As summarized in Supplementary Table 3, eight proteins present in the endoplasmic reticulum and one Golgi membrane protein were involved in protein glycosylation. Oligosacharyltransferase (PAAG_04719/PAAG_01037) represented with two subunits in the proteome of the endoplasmic reticulum membrane, catalyzes the initial step of N-glycosylation, with the transfer of N-glycan precursor to nascent polypeptide [53]. In addition, calnexin (PAAG_07037), a protein involved in the correct folding of glycoproteins in mammalian cells [54] and fungus [55], was identified as well. The addition of the outer chain to the N-linked core oligosacharide at Golgi is performed by mannosyltransferases; two α-1,2-mannosyltransferases (PAAG_02462/PAAG_07238) were found in membranes of the endoplasmic reticulum and Golgi, as depicted in Supplementary Table 3. In addition, dolichol phosphate mannosyltransferases (PAAG_01874), which perform protein N-glycosylation/O-glycosylation [56], and members of this family were also detected in this study. Proteins related to the glycosylation pathway, such as α-1,2-mannosyltransferase (kre5p, ktr4), mannosyltransferases (PMTs), Stt3p and calnexin [57], were also identified in the membrane proteome of A. fumigatus.

Regulation of P. lutzii membrane proteins by zinc

Proteomic membrane analyses revealed that whole membrane system proteins alter their abundance in response to different stress conditions [30,58]. Therefore, we investigated zinc regulation of membrane proteins in yeast cells grown upon zinc deficiency.

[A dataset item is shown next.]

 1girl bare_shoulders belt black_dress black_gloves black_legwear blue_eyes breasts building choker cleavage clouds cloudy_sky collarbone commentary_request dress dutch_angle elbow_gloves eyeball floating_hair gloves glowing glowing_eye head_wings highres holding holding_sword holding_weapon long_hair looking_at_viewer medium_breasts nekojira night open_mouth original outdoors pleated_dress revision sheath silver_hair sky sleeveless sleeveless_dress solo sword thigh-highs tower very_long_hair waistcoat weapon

Previous studies demonstrated a remodeling of P. lutzii metabolism in response to oxidative stress induced during zinc deprivation [19]. A 1.5-fold change was used as a threshold to determine the up- and downregulated membrane proteins under zinc deprivation. A total of 115 proteins, corresponding to 60.85% of the classified membrane proteins, depicted in Supplementary Table 2, were downregulated upon zinc deprivation (Supplementary Table 4). Eighty one of those proteins were not detectable in the membranes of yeast cells deprived of zinc, only in the control. The functional classification of downregulated membrane proteins revealed that most of them in a percentage of 31% (36 proteins) were involved in transport events (Figure 2). Of special note, proteins of mitochondrial membrane functionally related to electron transport and oxidative phosphorylation were downregulated, suggesting that energy production by the respiratory chain was inhibited during zinc deprivation. Additionally, the glycosylation of proteins seems to be affected by zinc deprivation, as demonstrated by the downregulation of several enzymes/proteins involved in the process (Supplementary Table 4).

 

Functional classification of membrane proteins regulated by zinc availability.

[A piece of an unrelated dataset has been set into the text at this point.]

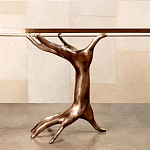 Обеденный стол с фигурным декором бронзового цвета Dichotomy racetrack варинант исполнения - 2 | Loft Concept в Екатеринбурге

The database FunCat2 was used to perform this classification. Light gray bars represent downregulated proteins and dark gray bars represent upregulated proteins. Proteins upregulated: Transport – 56% (10 proteins), Cell cycle and DNA processing – 0% (0 protein), Metabolism – 0% (0 protein), Cellular communication – 0% (0 protein), Protein synthesis – 6% (1 protein), Protein fate – 6% (1 protein), Biogenesis of cellular components – 0% (0 protein), Cell rescue – 6% (1 protein), Energy – 6% (1 protein), Unclassified – 17% (3 proteins), Cell-type differentiation – 0% (0 protein), Cell fate – 6% (1 protein). Proteins downregulated: Transport – 31% (36 proteins), Cell cycle and DNA processing – 2% (2 proteins), Metabolism – 14% (16 proteins), Cellular communication – 5% (6 proteins), Protein synthesis – 1% (1 protein), Protein fate – 10% (11 proteins), Biogenesis of cellular components – 5% (6 proteins), Cell rescue – 4% (5 proteins), Energy – 14% (16 proteins), Unclassified – 13% (15 proteins), Cell-type differentiation – 1% (1 protein), Cell fate – 0% (0 protein).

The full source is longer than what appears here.